Clean out spans which are half in, remove trailing and beginning spaces

In [37]:
def find_word_by_character_index(text, idx):
    if(text[idx].isalnum()):
        backward = idx
        forward = idx
        while(backward>-1 and text[backward].isalnum()):
            backward-=1
        while(forward<len(text) and text[forward].isalnum()):
            forward+=1

        return text[backward+1:forward], backward+1,forward-1
    else:
        return text[idx], idx, idx

In [38]:
train.loc[20,'spans']

'[0, 1, 2, 3, 50, 51, 52, 53, 54, 55, 56, 57, 58, 59, 60, 61, 62, 63, 64, 65, 66, 67, 68, 69, 70, 71]'

In [39]:
train.loc[20,'text']

'Kill some more kids and then complain about guns, LOL the left is a joke'

In [40]:
find_word_by_character_index(train.loc[20,'text'],22)

('and', 20, 22)

In [41]:
# def clean_text(text,contiguous_spans):
#     new_contiguous_spans = []

#     for i in contiguous_spans:
#         start = i[0] 
#         end = i[-1]

#         if start==0 and end==len(text)-1:
#             new_contiguous_spans.append([start,end])

#         elif start==0:
#             if text[end].isalnum() and text[end+1].isalnum():

#                 full_word,full_start,full_end = find_word_by_character_index(text,end)
#                 cut_word_len = end-full_start+1
#                 if(cut_word_len*2>=len(full_word)):
#                     new_contiguous_spans.append([start,full_end])
#                 else:
#                     new_contiguous_spans.append([start,full_start-1])

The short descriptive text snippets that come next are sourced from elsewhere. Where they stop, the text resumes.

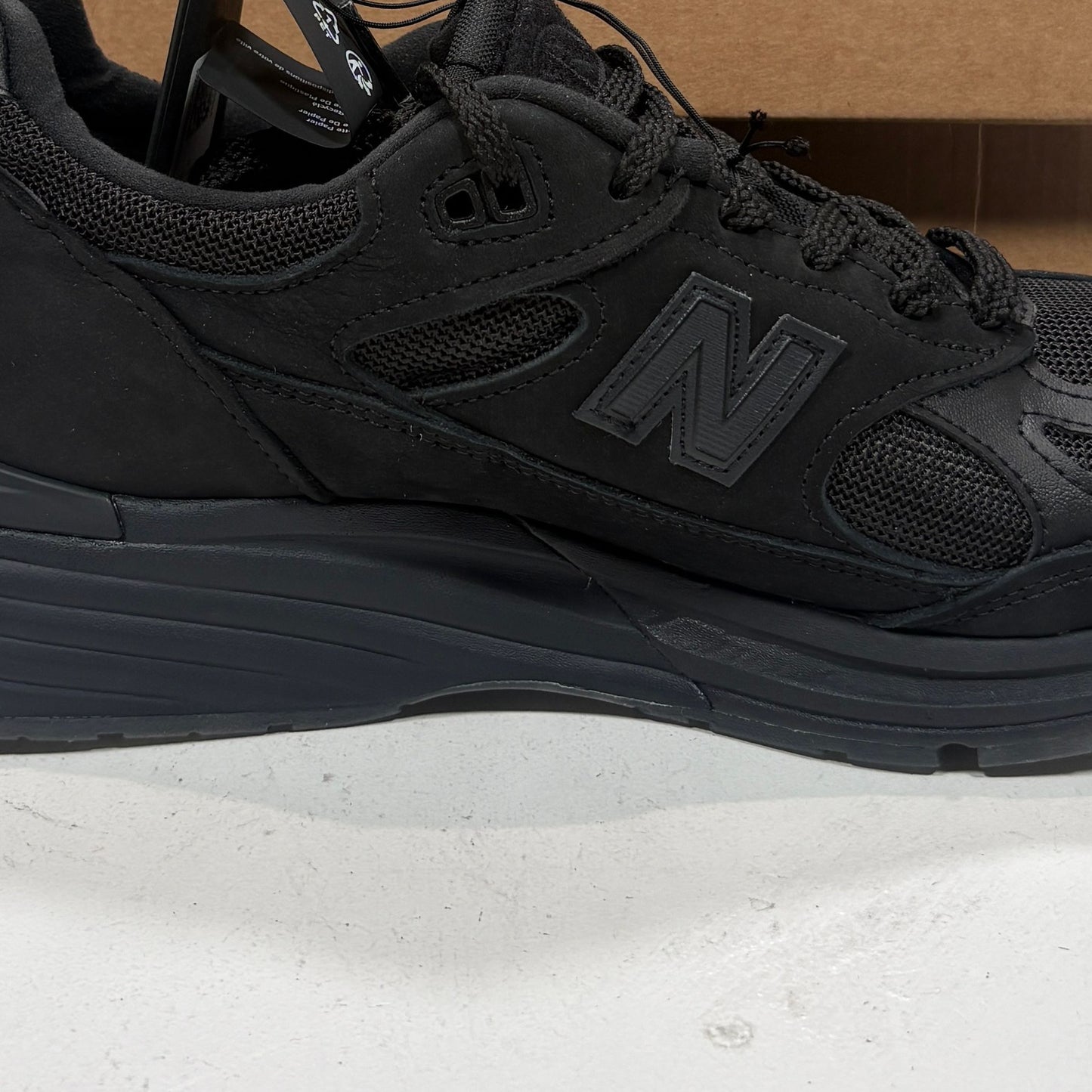 Stone Island X New Balance 991V2 Ghost Black Trainers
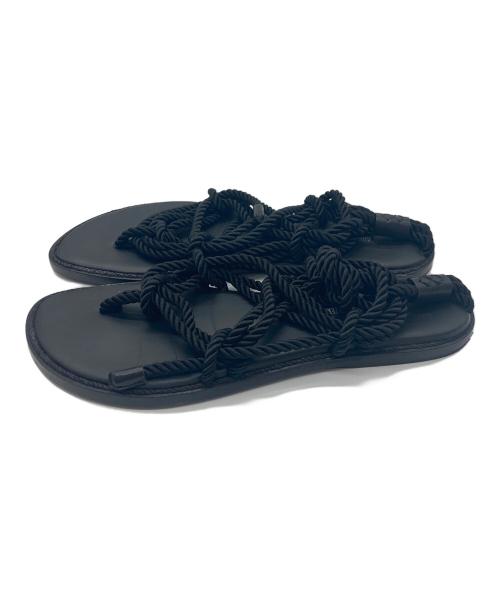 ANN DEMEULEMEESTER（アンドゥムルメステール）ANN DEMEULEMEESTER (アンドゥムルメステール) サンダル ブラック サイズ:SIZE43の古着・服飾アイテム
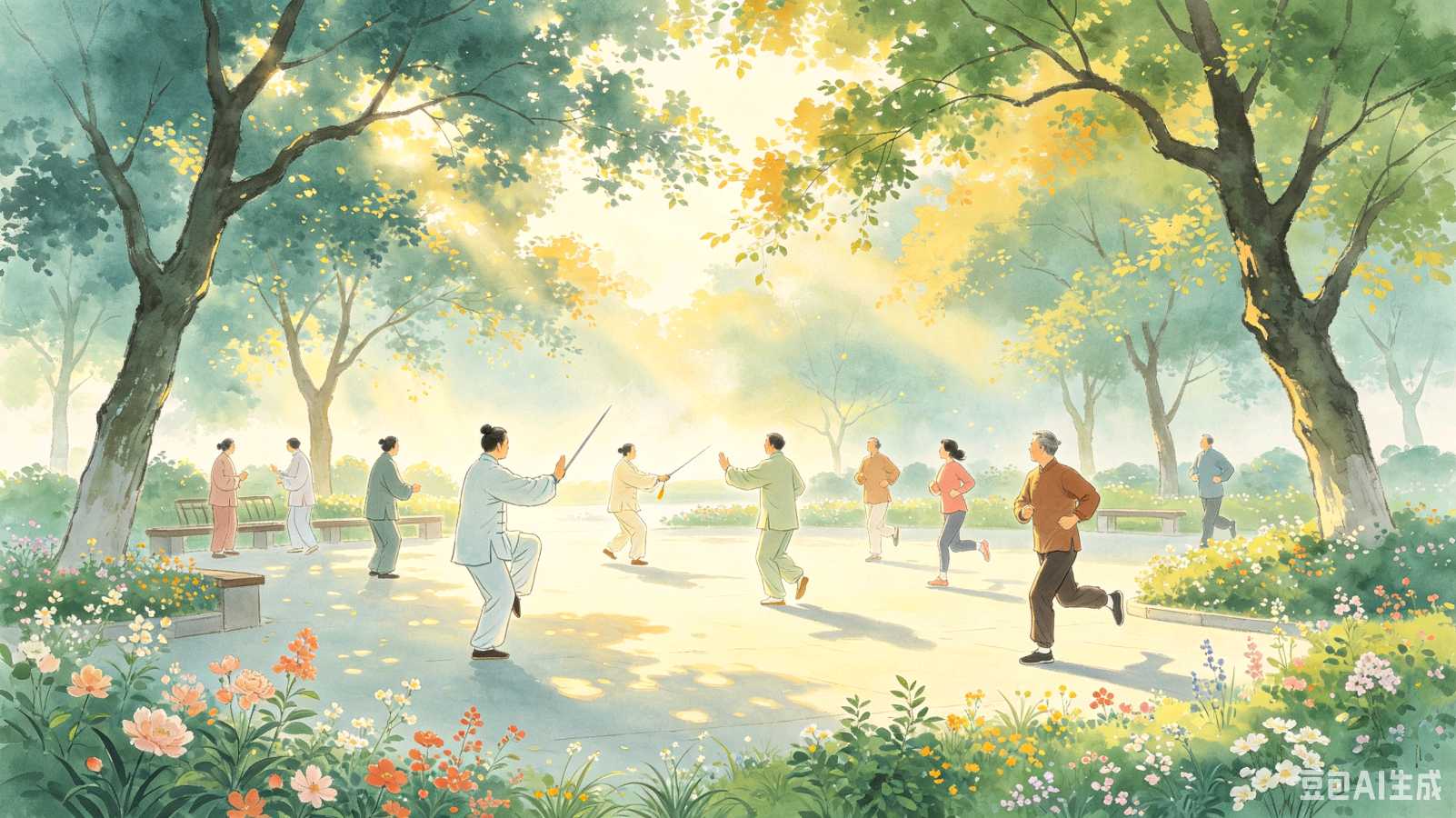 【五绝】《晨练公园外一首》刘宇峰（图2）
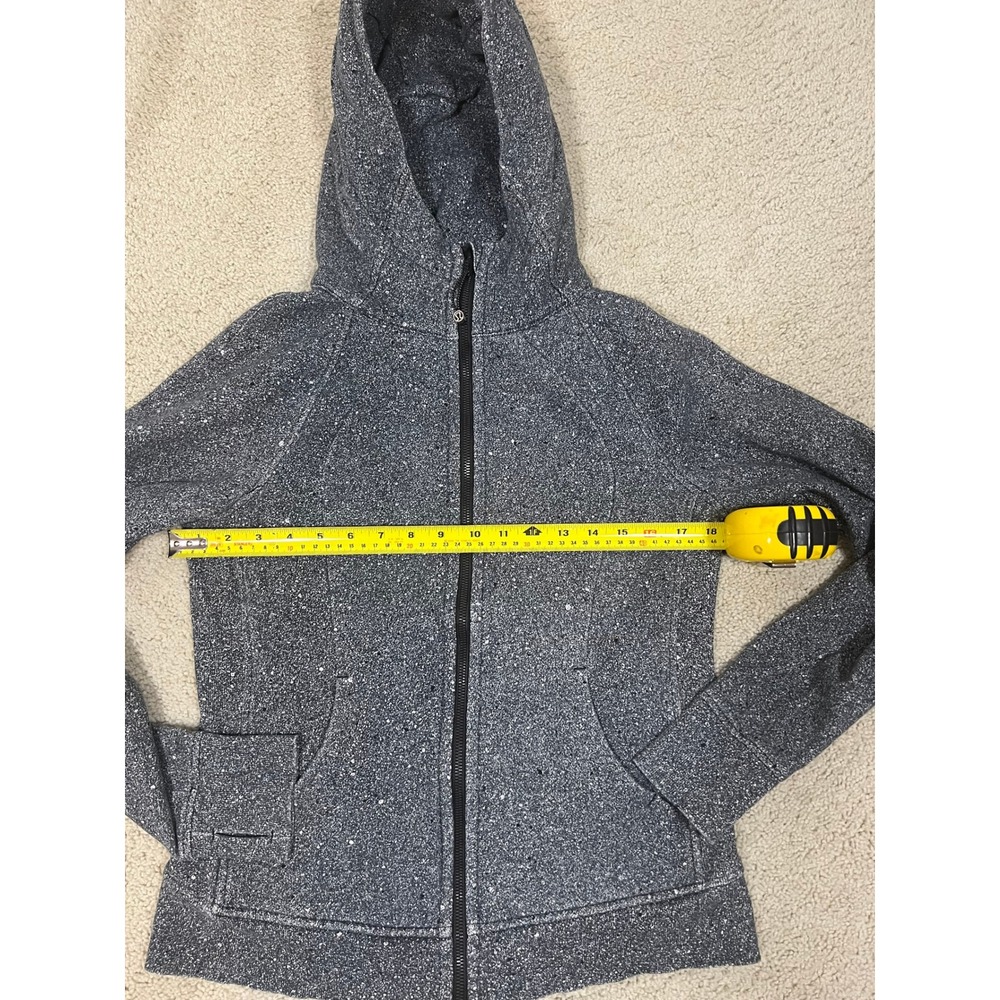 Lululemon Scuba Hoodie Full Zip Speckled Grey Salt and Pepper Size 8 (IN#57) - Picture 6 of 6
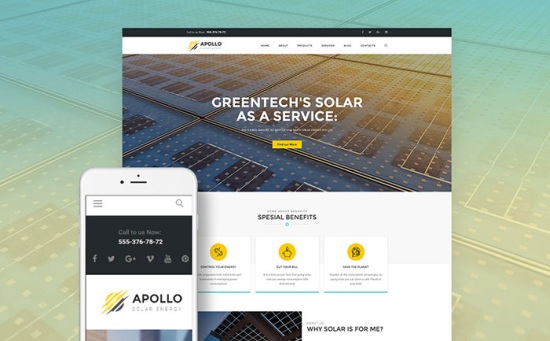 theme with fully responsive layouts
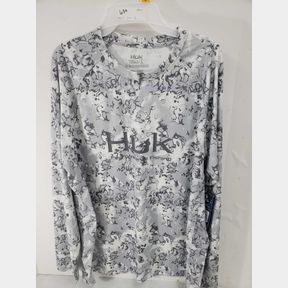 Huk Pursuit Performance Shirt - Large - Light Gray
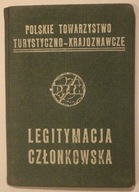 LEGITYMACJA CZŁONKOWSKA PTTK POLSKIE TOWARZYSTWO TURYSTYCZNO - KRAJOZNAWCZE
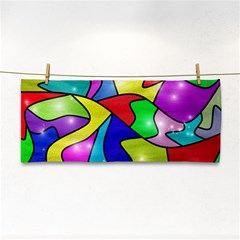 Colorful Abstract Art Hand Towel by gasi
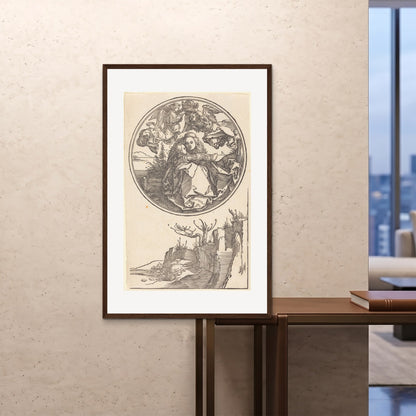 Orlonzo - FRAMED PRINT DARK WOOD 80120cm3248 ROOM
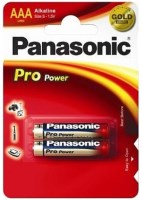 Аккумулятор / батарейка Panasonic Pro Power  2xAAA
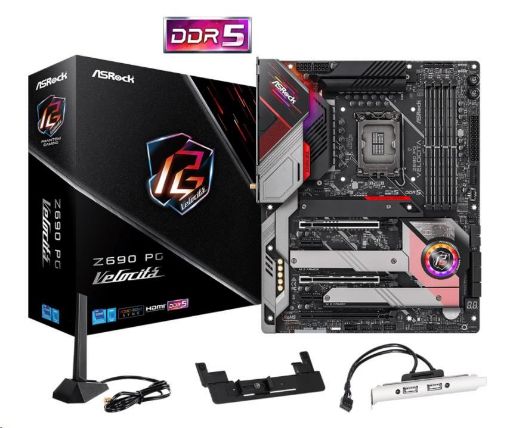 Obrázek ASRock MB Sc LGA1700 Z690 PG Velocita, Intel Z690, 4xDDR5, 1xDP, 1xHDMI, WI-FI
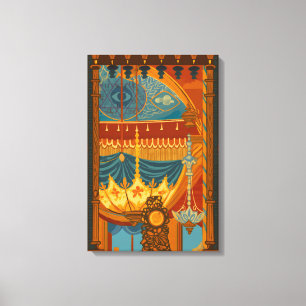 Mystische Deckenwerbung aus Brightons Musikraum Leinwanddruck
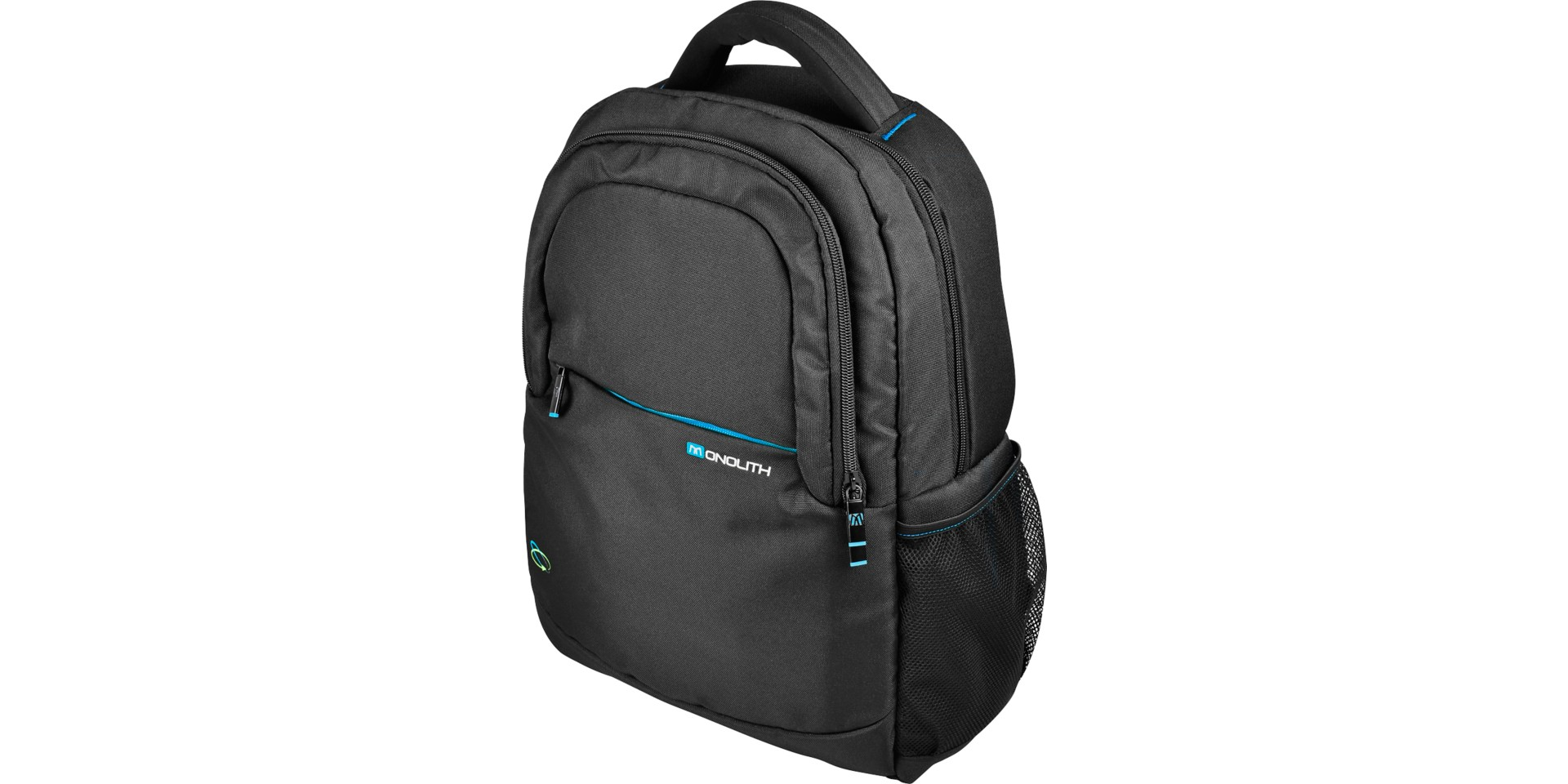 Monolith Blue Line Laptop Backpack for Laptops up to 15.6 inch Black/Blue 2000003312 - ONE CLICK SUPPLIES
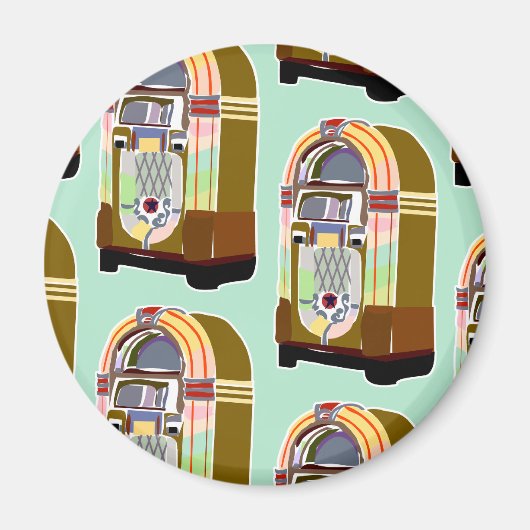 ジュークボックスパターンのジャンピン マグネット (正面)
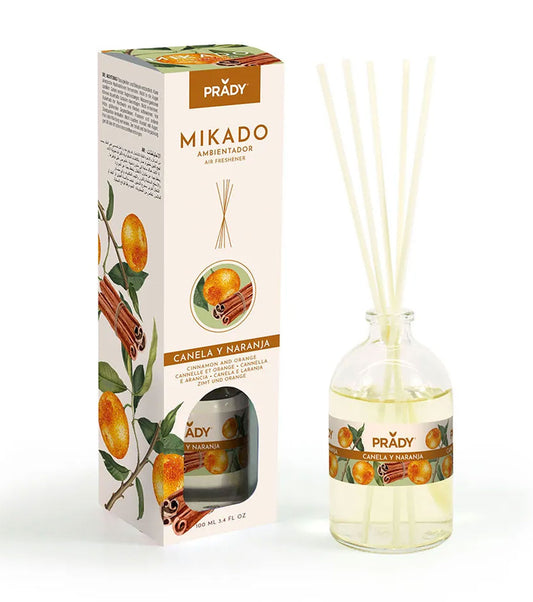 AMBIENTADOR MIKADO NARANJA Y CANELA - PRADY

#         elif i[-1]==len(text)-1:
#             if text[start].isalnum() and text[start-1].isalnum():
#                 full_word, full_start,full_end = find_word_by_character_index(text,start)
#                 cut_word_len = full_end-start+1
#                 if(cut_word_len*2>=len(full_word)):
#                     new_contiguous_spans.append([full_start,end])
#                 else:
#                     new_contiguous_spans.append([full_end+1,end])
                
                
#         else:
#             new_start = start
#             new_end = end
           
#             if text[start].isalnum() and text[start-1].isalnum():
#                 full_word, full_start,full_end = find_word_by_character_index(text,start)
#                 cut_word_len = full_end-start+1
#                 if(cut_word_len*2>=len(full_word)):
#                     new_start = full_start
#                 else:
#                     new_start = full_end+1

#             if text[end].isalnum() and text[end+1].isalnum():
#                 full_word, full_start,full_end = find_word_by_character_index(text, end)
#                 cut_word_len = end-full_start+1
#                 if(cut_word_len*2>=len(full_word)):
#                     new_end = full_end
#                 else:
#                     new_end = full_start-1
#             new_contiguous_spans.append([new_start,new_end])
#     ## Remove Spaces from span beginning and end

#     newest_contiguous_spans = []
#     for i in new_contiguous_spans:
#         start = i[0]
#         end = i[-1]
#         while start<=end:
#             if(not (text[start].isalnum()) or not (text[end].isalnum())):
#                 if not (text[start].isalnum()):
#                     start+=1
#                 if not (text[end].isalnum()):
#                     end-=1
#             else:
#                 break
#         if(start<=end):
#             newest_contiguous_spans.append([start,end])
#     return newest_contiguous_spans


In [42]:
text = "Hello How are you sir, My name is Gunjan Chhablani?"

In [43]:
contiguous_spans = get_continuous_spans([1,2,3,4,6,7,11,12,13,14,15,16,17, 18, 19, 22,23,24,25,30,31,32,33,34,35,36, 41,42,43,44])

In [44]:
print_contiguous_spans(text,contiguous_spans)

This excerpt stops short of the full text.